4 Aralık 1950’de Roma’da imzalanan Avrupa İnsan Hakları Sözleşmesi (AİHS), 3 Eylül 1952’de yürürlüğe girdi. Türkiye bu sözleşmeyi 18 Mayıs 1954’te onayladı.
Sözleşmenin 1’inci maddesi, “Yüksek Sözleşmeci Taraflar kendi yetki alanları içinde bulunan herkese bu Sözleşme’nin birinci bölümünde açıklanan hak ve özgürlükleri tanır” der.
Sözleşmenin 19’uncu maddesi tarafların bu sözleşmeye uyup uymadığını denetlemek için bir Avrupa İnsan Hakları Mahkemesi’ni (AİHM) hükme bağlar.
Bu mahkeme insan haklarının korunması açısından çok iyi bildiğiniz gibi büyük öneme sahiptir.
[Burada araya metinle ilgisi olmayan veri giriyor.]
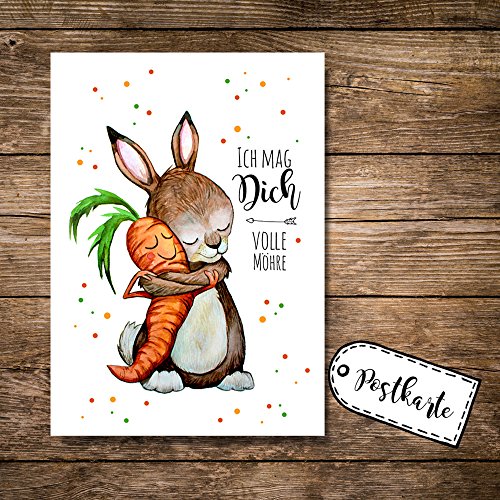 ilka parey wandtattoo-welt® Postkarte Grußkarte Karte Print Illustration Hase und Möhre mit Spruch Sprichwort Zitat Ich mag dich volle Möhre pk81 von ilka parey wandtattoo-welt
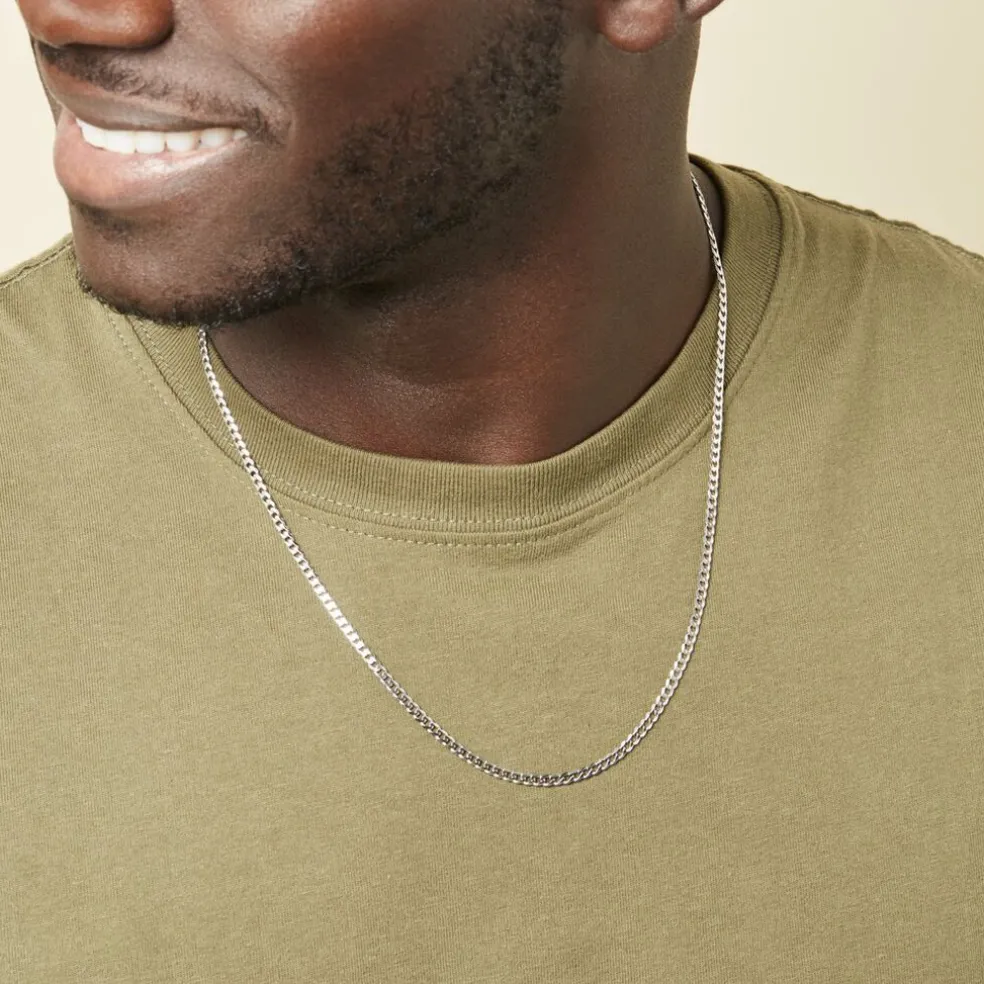 Chaîne Casper Maille Gourmette Argent Blanc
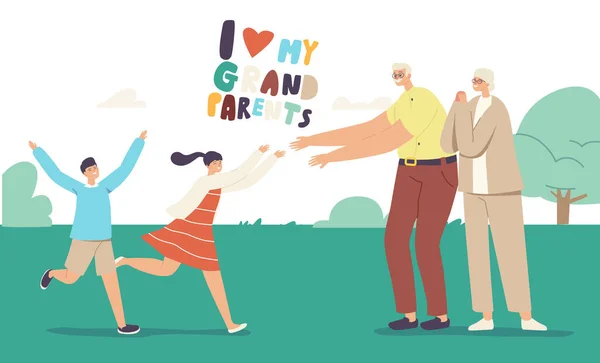 Веселые бабушки и дедушки встречаются с бабушками и дедушками. Счастливого семейного визита дедушки и бабушки. — стоковый вектор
Mahkemenin kararları bağlayıcı nitelik taşır.
Yarın AK Parti’nin kapatılması talebini görüşmeye başlayacak olan Anayasa Mahkemesi dün Türkiye Birleşik Komünist Partisi’nin (TBKP) kapatılması kararını neden yeniden görüşmeyi kabul etmediğine ilişkin kararın gerekçesini yayınladı.
Mahkeme, örgütlenme hakkına ve özellikle siyasi partilere nasıl baktığının ipuçlarını bu kararda gösterdi.
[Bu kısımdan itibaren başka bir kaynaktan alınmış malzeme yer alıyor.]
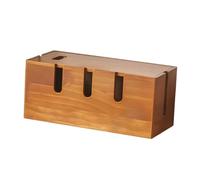 Garneck Wooden Cable Management Box Cord Organizer with Cover Solid Wood Desk Wire Storage for Home Office Easy Installation Stylish and Simple Design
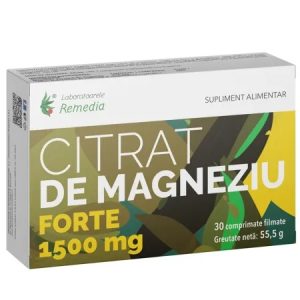 Citrat de Magneziu Forte, 1500 mg, 30 capsule, Remedia
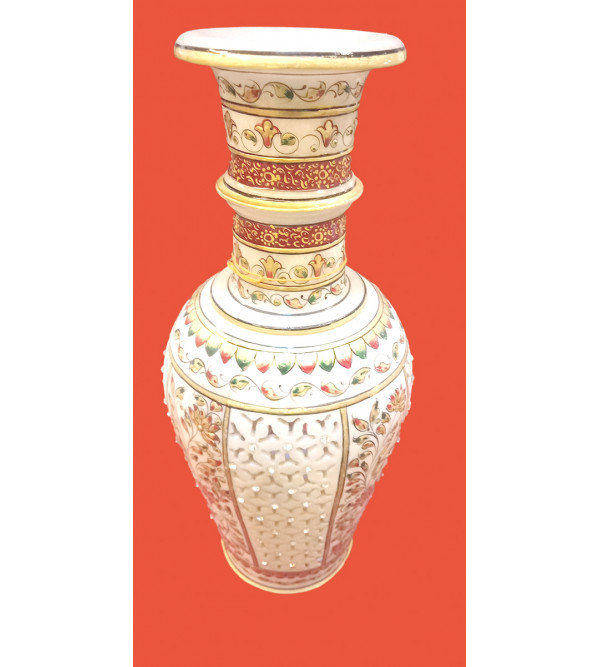 Marble Vase Handcrafted With Gold Leaf Work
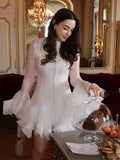 Trumpet Sleeves Puffy Short Dress Woman Single Breasted Lace Waist Cinching Solid Color O-Neck Dresses Elegant Women Mini Dress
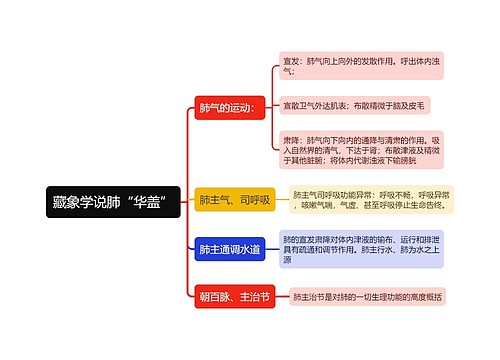 藏象学说肺“华盖”思维导图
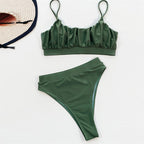 Solid-color pleated swimsuits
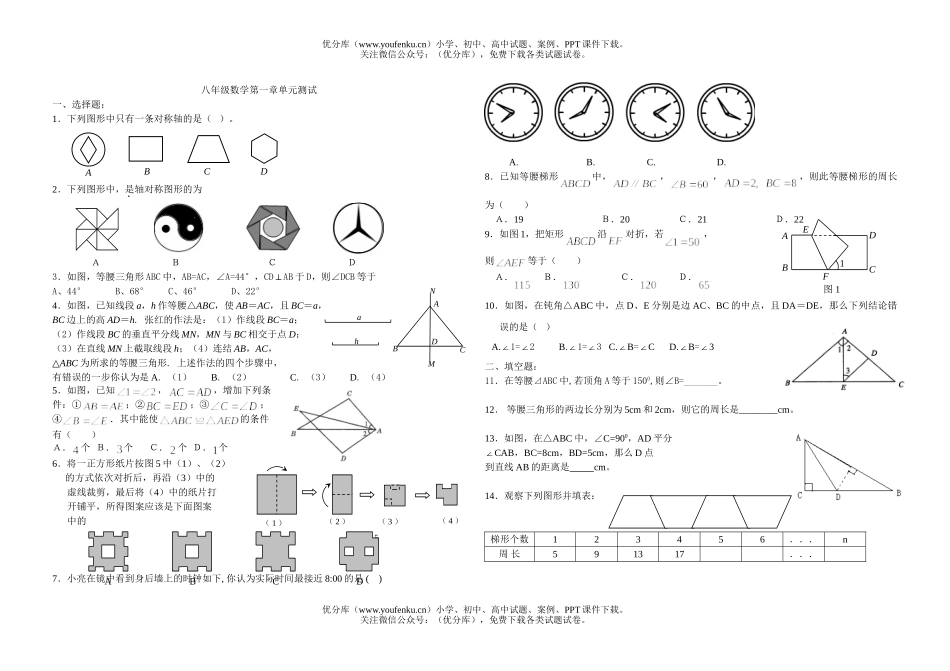 初中八年级数学第一章单元测试1试卷_第1页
AİHM’nin “yeniden yargılama” talebi 7’ye 4’le reddedildi.
Son dönemde daha özgürlükçü bir bakış kazandığını sandığımız Anayasa Mahkemesi, bu kararıyla Sözleşme’nin 11’inci maddesinde tanımlanan örgütlenme hakkını dar biçimde yorumladığını ortaya koydu.
AİHM siyasi partilerle ilgili kararlarında ısrarla örgütlenme hakkının kısıtlanmasının dar anlamda yorumlanması gereğine işaret etmişti.
Bu parti ise henüz faaliyetlerine başlamadan adında “Komünist” olduğu gerekçesiyle kapatılmıştı.
AİHM, TBKP ile ilgili kararında “TBKP’nin henüz faaliyetlerine başlamadan alınan, derhal ve kalıcı olarak kapatılması türünden aşırı sert bir tedbirin yanı sıra, parti liderlerinin başka herhangi bir siyasi sorumluluk üstlenmekten men edilmiş olması, güdülen amaçla orantılı değildir ve dolayısıyla demokratik bir toplumda gereksizdir. Dolayısıyla, bu tedbir AİHS’nin 11. Maddesi’ni ihlal etmiştir” demişti.
Anayasa Mahkemesi bu hükmü dikkate almadı ve kapatmakta ısrar etti.
Ocak 2008’de alınan kararın gerekçesi dün yayınlandı.
Bu hüküm Anayasa Mahkemesi’nin Avrupa içtihadıyla arasına mesafe koyduğunu göstermesi açısından çok önemli.
Kararın çoğunluk oyları, AK Parti davası açısından bir işaret fişeği şeklinde yorumlanabilir.
Karara karşı çıkan 4 üye, Başkan Haşim Kılıç ile üyeler Sacit Adalı, Fulya Kantarcıoğlu ve Zehra Ayla Perktaş.
AİHM kararlarının başka bir delil gerektirmeden doğrudan doğruya yeniden yargılama nedeni olduğunu hatırlatan Kılıç ve Adalı’nın şu uyarısını akılda tutmak gerekir:
“Anayasa Mahkemesi’nin yargılamanın yenilenmesi istemini, anayasa ve yasalarda yapılan değişiklikleri göz ardı ederek reddetmiş olması temel hak ve hürriyetlere sağlanan güvenceyi etkisizleştiren bir uygulamaya yol açmaktadır.”